Find the line with "Materials shape both" and the line with "Layers of smoked" in the entries below; output exactly those two lines, every line between them, and no others.

Records:
---------------
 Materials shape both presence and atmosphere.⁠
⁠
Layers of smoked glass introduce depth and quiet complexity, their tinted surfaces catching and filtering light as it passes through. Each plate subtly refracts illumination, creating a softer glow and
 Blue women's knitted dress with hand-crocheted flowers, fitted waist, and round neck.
---------------
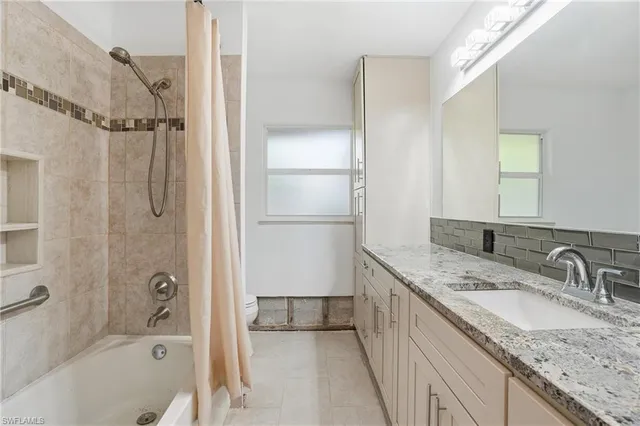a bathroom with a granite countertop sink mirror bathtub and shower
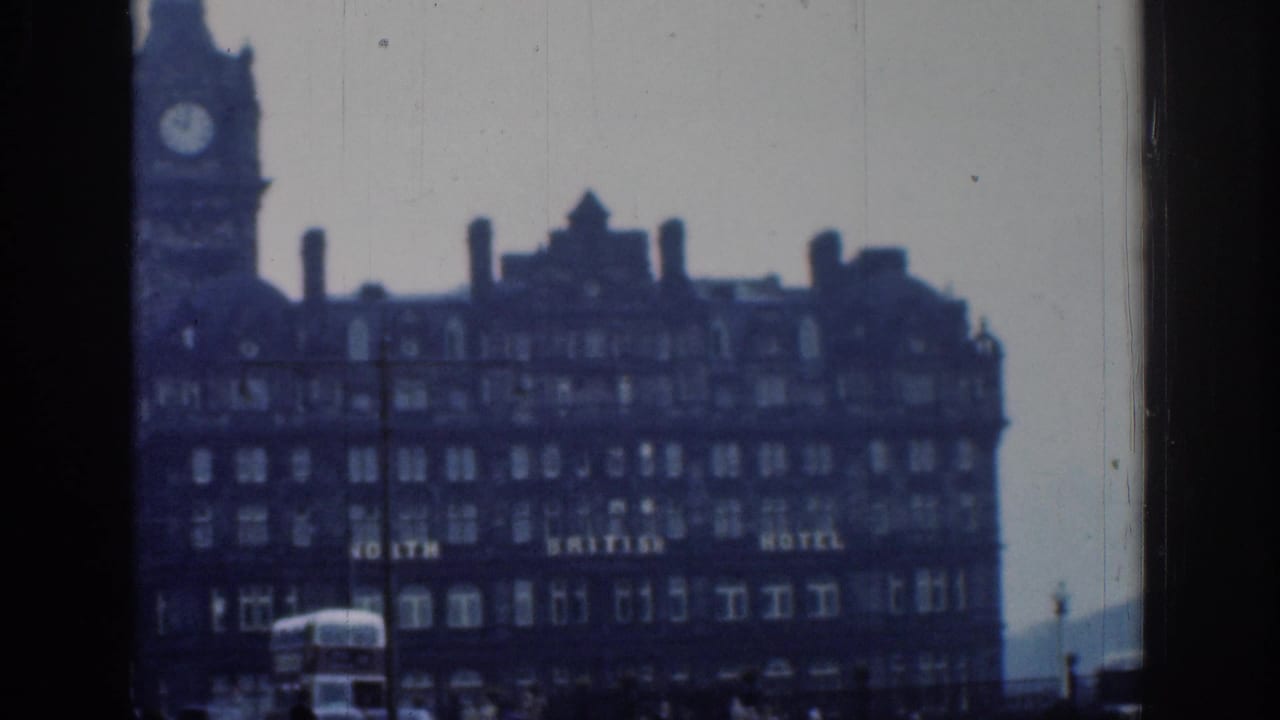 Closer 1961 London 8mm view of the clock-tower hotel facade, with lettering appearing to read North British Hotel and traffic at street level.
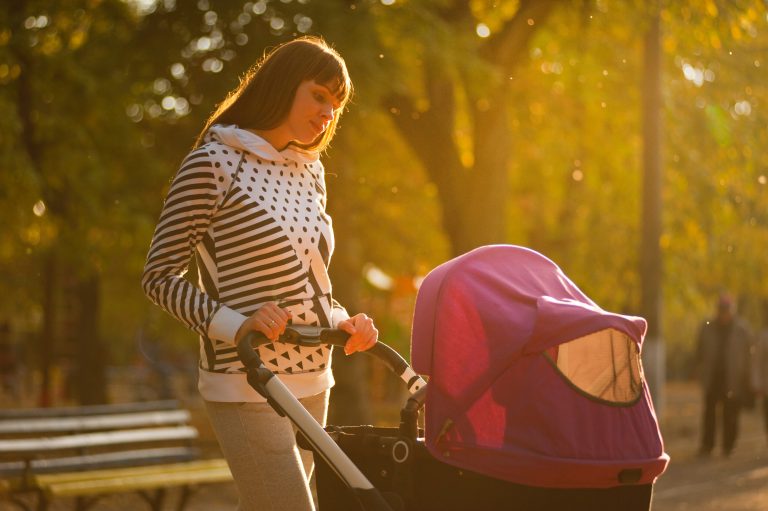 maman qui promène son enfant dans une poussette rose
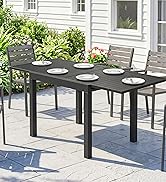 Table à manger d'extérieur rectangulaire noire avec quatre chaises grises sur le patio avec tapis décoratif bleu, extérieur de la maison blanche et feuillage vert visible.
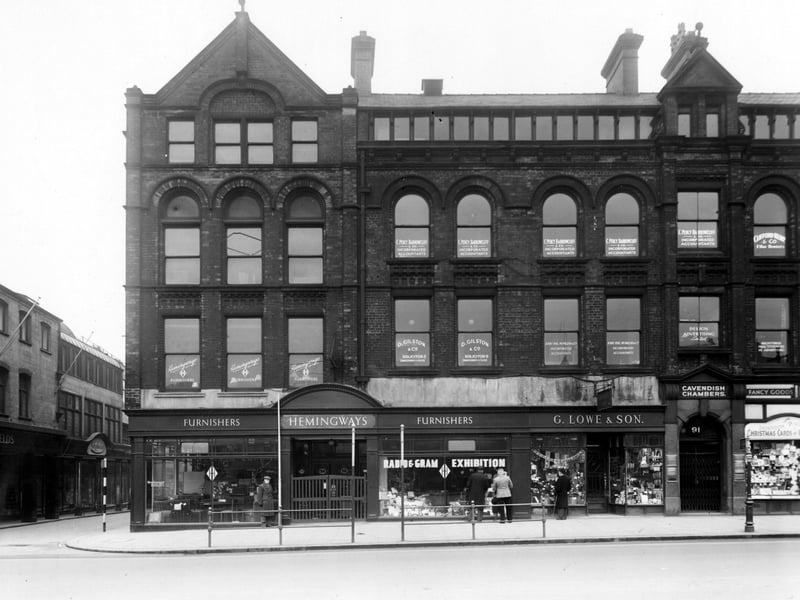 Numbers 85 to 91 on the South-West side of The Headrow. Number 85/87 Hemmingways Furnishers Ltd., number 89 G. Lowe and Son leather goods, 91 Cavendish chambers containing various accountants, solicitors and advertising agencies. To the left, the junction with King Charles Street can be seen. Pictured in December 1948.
---------------
Finished task:
 Materials shape both presence and atmosphere.⁠
⁠
Layers of smoked glass introduce depth and quiet complexity, their tinted surfaces catching and filtering light as it passes through. Each plate subtly refracts illumination, creating a softer glow and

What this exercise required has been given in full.